The Black Album
It’s rare for a rapper to make a goodbye album — generally the marketplace kicks you out of the game first. But Jay-Z is a rare rapper. The dominant figure of the post-Biggie and -Tupac era, he spit cool and witty with devastating flows, dropped classic albums, influenced MCs, changed pop culture and built a tall stack of dollars in the process.
Time will tell whether or not The Black Album is Jay-Z’s final release, but it certainly is a goodbye album. He’s settling scores and letting us deeper into his life than ever. He talks in depth about his parents, giving his mother, Gloria Carter, time to shine on the opening song, “December 4th.” On the Eminem-produced “Moment of Clarity,” he invokes the memory of his father, Adnes: “Pop died/Didn’t cry/Didn’t know him that well/Between him doin’ heroin and me doin’ crack sales.” But by the end of the verse, he has forgiven his late father and says to him, “Save a place in heaven till the next time we meet forever.”
The Black Album has a dream team of producers, including Kanye West (“Lucifer,” “Encore”), Just Blaze (“December 4th”), the Neptunes (“Change Clothes,” “Allure”) and Timbaland, whose obese club-banger “Dirt Off Your Shoulder” easily wins the prize for best beat, with Rick Rubin’s raucous, rock-drenched “99 Problems” a close second.

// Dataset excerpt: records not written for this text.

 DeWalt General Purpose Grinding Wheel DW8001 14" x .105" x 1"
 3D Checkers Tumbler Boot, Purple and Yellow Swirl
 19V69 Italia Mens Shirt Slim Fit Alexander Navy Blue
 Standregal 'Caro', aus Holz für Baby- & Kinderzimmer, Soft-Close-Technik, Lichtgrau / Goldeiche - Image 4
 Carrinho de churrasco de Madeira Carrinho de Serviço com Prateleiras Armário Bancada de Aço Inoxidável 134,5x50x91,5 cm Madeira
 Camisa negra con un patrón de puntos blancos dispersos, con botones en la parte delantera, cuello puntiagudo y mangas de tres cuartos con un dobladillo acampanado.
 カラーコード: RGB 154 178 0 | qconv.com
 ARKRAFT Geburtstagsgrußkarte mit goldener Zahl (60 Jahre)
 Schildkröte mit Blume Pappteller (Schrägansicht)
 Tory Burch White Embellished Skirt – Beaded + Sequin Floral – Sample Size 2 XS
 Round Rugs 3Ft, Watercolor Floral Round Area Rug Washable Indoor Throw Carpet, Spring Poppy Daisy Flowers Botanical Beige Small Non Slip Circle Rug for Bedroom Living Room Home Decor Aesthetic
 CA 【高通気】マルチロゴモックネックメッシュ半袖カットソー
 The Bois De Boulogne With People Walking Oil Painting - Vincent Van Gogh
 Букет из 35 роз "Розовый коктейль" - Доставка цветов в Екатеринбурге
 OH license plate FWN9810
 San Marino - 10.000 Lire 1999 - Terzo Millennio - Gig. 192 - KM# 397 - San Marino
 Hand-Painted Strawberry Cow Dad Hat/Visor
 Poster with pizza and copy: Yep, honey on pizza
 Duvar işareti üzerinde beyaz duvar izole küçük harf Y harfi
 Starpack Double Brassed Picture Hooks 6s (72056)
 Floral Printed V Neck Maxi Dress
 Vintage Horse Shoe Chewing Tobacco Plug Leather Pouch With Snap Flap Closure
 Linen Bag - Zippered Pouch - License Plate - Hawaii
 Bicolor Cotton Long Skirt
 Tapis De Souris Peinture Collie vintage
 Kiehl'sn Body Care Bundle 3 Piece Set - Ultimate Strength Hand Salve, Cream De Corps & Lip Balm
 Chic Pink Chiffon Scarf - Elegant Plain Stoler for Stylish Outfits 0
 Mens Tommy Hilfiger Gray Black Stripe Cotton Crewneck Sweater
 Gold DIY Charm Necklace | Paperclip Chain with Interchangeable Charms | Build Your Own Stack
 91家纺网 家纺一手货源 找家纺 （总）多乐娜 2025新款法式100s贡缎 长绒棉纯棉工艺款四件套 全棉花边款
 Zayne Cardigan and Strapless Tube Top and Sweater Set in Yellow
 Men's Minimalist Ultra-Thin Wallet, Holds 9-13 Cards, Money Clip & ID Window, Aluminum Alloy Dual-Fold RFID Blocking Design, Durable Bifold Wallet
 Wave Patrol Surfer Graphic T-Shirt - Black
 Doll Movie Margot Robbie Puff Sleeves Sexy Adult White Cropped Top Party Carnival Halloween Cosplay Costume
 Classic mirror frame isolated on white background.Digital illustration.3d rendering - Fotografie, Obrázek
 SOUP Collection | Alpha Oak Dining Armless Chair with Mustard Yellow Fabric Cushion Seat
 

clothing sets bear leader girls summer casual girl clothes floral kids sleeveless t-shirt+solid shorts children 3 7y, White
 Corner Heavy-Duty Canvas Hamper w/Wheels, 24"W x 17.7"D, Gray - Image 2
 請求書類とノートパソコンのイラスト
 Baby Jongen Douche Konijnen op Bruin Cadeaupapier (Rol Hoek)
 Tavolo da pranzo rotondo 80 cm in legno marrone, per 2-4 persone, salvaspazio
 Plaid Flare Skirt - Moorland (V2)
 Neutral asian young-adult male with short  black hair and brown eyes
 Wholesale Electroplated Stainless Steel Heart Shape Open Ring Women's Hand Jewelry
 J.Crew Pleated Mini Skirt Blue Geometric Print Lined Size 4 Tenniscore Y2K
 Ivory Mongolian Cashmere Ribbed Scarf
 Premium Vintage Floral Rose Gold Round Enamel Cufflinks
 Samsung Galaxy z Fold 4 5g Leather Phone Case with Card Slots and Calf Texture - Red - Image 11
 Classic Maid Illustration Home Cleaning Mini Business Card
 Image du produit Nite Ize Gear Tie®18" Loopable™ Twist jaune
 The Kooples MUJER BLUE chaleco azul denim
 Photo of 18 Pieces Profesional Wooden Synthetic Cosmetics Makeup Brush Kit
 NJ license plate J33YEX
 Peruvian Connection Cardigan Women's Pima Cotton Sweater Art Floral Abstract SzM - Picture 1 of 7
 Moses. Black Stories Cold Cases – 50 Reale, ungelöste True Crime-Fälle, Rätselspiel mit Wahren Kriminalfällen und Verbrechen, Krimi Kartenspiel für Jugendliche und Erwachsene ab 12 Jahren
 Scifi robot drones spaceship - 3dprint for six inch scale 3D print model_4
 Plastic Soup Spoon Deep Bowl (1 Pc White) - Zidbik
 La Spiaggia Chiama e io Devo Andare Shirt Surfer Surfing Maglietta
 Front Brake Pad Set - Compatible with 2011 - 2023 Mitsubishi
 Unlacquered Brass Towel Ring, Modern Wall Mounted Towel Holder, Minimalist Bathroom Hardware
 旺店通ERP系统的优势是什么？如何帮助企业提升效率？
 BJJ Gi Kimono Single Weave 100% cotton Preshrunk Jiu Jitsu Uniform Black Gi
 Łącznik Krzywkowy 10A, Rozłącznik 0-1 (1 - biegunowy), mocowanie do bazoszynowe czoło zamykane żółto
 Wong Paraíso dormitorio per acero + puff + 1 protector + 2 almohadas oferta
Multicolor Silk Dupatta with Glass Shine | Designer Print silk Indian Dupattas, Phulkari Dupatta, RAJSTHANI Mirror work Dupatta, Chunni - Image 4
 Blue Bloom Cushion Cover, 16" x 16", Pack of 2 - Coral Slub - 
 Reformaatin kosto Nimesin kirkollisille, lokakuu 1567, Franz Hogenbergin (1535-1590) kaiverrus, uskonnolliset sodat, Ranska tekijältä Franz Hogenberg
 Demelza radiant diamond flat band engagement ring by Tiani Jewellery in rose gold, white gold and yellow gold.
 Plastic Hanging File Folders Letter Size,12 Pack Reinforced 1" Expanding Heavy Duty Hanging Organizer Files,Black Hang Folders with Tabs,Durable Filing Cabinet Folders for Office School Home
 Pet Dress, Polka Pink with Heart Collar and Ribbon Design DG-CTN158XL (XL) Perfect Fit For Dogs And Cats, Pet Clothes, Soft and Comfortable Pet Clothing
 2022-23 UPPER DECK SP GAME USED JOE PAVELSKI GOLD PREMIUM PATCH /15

Given one last chance to make an impact, Jay-Z has come up with one of the better albums of his career, though perhaps a shade lesser than his very best, Reasonable Doubt and The Blueprint. Still, we’ve witnessed not merely a Hall of Fame career but one of the top-shelf greatest of all time, up there with Rakim, Big, Pac and Nas. And like every great rapper, Jay-Z has never been afraid to tell us he’s Number One. On “What More Can I Say,” he rhymes, “Pound for pound I’m the best to ever come around here/Excluding nobody.” He could be right.